This component is implemented on top of Anthill [8], which is responsible for instantiating the components on distributed platforms and managing the communication between them. Anthill is based on the filter-stream programming model, which means that in this environment applications are decomposed into a set of filters that communicate through streams. At execution time, multiple instances of each filter can be spawned on different nodes on a distributed environment, achieving data parallelism as well as pipelined task parallelism.

We have extended the Anthill run-time to provide transparent communication between the application and the Workflow Management System (WMS). These modifications provide support for exchanging information across application components and the WMS. This information includes, for instance, which filters are available for data processing, which documents have been processed, and so on.

3.2.2 Workflow Management System

This component is divided into two subcomponents: the Workflow Meta-Data Manager (WFMDM) and the In-Memory Data Storage (IMDS). The WFDMD works as the data manager of the entire workflow execution. It maintains information about all the data involved in the application execution, either read or written. When the workflow execution is initiated, the WFMDM receives a XPath query [16] that specifies the input dataset. It then relays the query to all instances of the Persistent Storage Manager (PSM) and builds a list of all matching documents with the associated meta-data. Each document of the list goes through three different states as the execution progresses:

• Not processed: This state applies to all documents that compose the input dataset at the beginning of the execution. It means that they are available to be processed.

• Being processed: input documents sent to filters are in this status as well as documents sent across filters, because they have been created and are being processed by one or more filters.

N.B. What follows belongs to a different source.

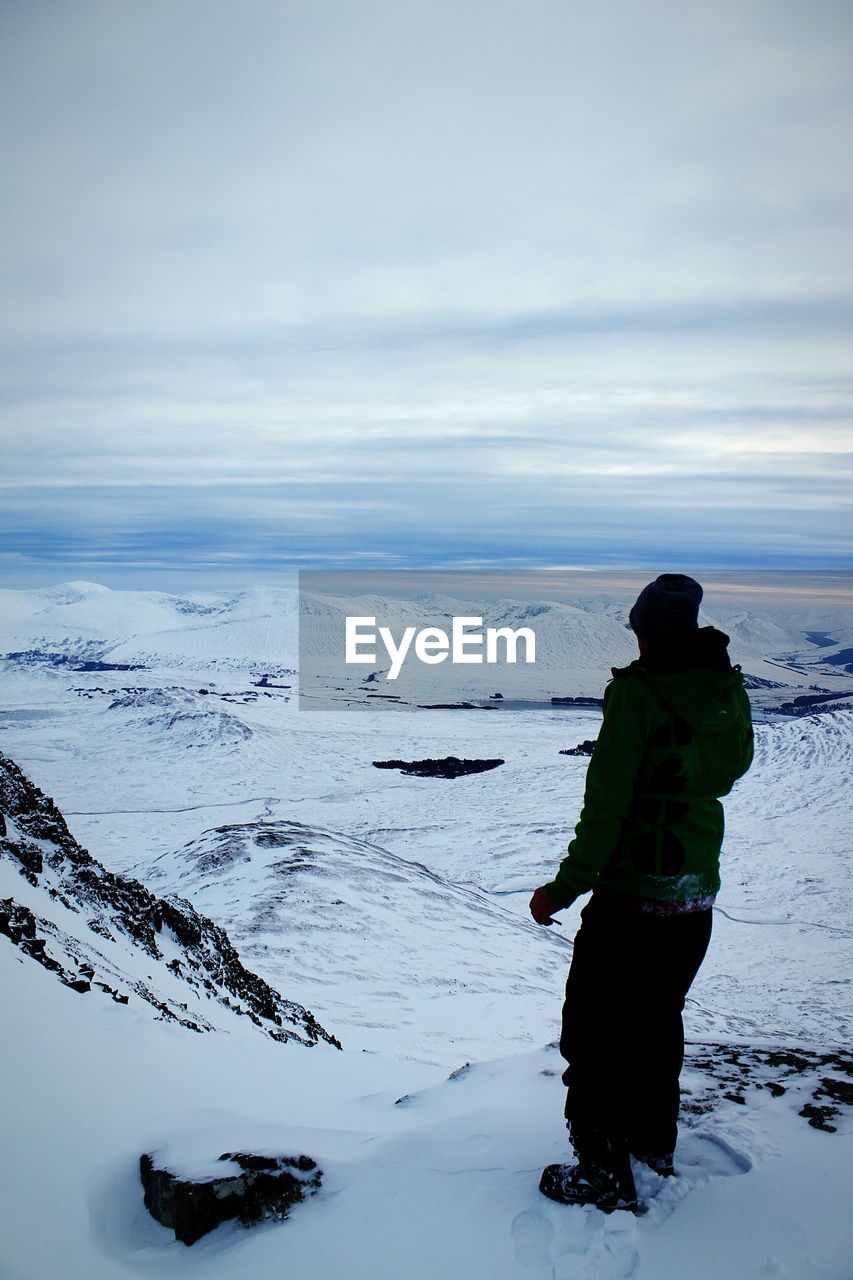 Full length of man standing on snowcapped mountain against cloudy sky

• Processed: a documents is marked processed when it has been processed by a filter and the result has been stored in the IMDS.

During the workflow execution, the WFMDM is responsible for assigning documents to filters. This data partitioning is done on demand as each time a filter reads input data, a request is received by the WFMDM. The goal is to always assign a local document to the filter.

The IMDS works as an intermediary between application filters and the persistent storage manager (PSM). It is implemented as a filter, which is instantiated on multiple machines based on user configuration. The system always tries to have filter requests for data answered by a local IMDS. When there is no local IMDS for a given filter, another one is assigned to the filter by the run-time system.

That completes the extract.